Five years later, I rejoined my parents’ household, where the phrase “good morning” in Fulfuldé was Chinese to me.  Because my father’s second wife was Bariba, and we were living in a Bariba village, my family now only spoke Bariba.  Playing with young Bariba kids, they called me Fulani boy, and playing with young Fulanis they called me Bariba.  What ethnicity was I?  What to do?

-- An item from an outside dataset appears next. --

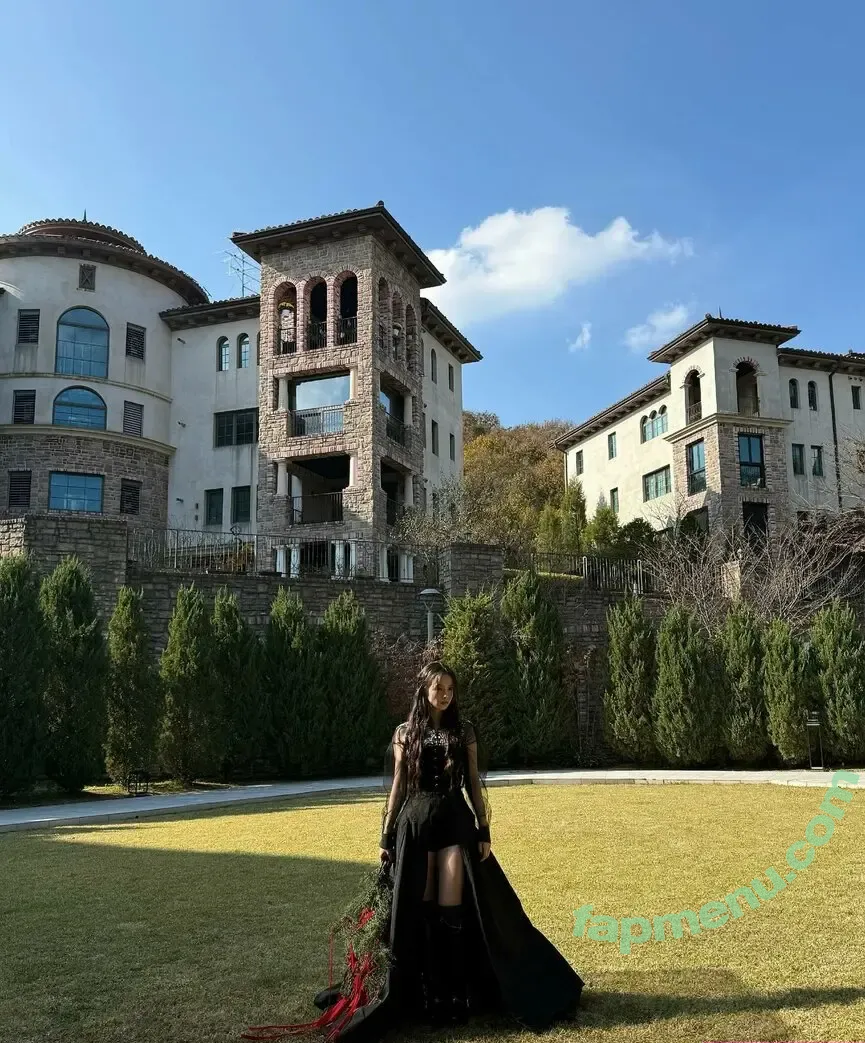 Jisoo nude photo #0868 (BLACKPINK / qenshizu / sooyaaa__)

One evening during vacation, my uncle came to visit my father. I followed him back to his camp. It was a new world for me. The next morning my father came to get me, but my uncle convinced him to let me stay. Thereafter, I went to pasture with my cousins, who teased me about my bad pronunciation of certain Fulfuldé words. This irritated me, and sometimes led to fights. In the evenings, back from pasture, kids flocked from nearby camps to come hear me speak ridiculous Fulfuldé. My uncle’s camp became the fun place for kids to hang out and laugh. For three months, I became a student of my mother tongue. By the time I returned to school, I spoke fluent Fulfuldé and I had rediscovered my Fulani identity!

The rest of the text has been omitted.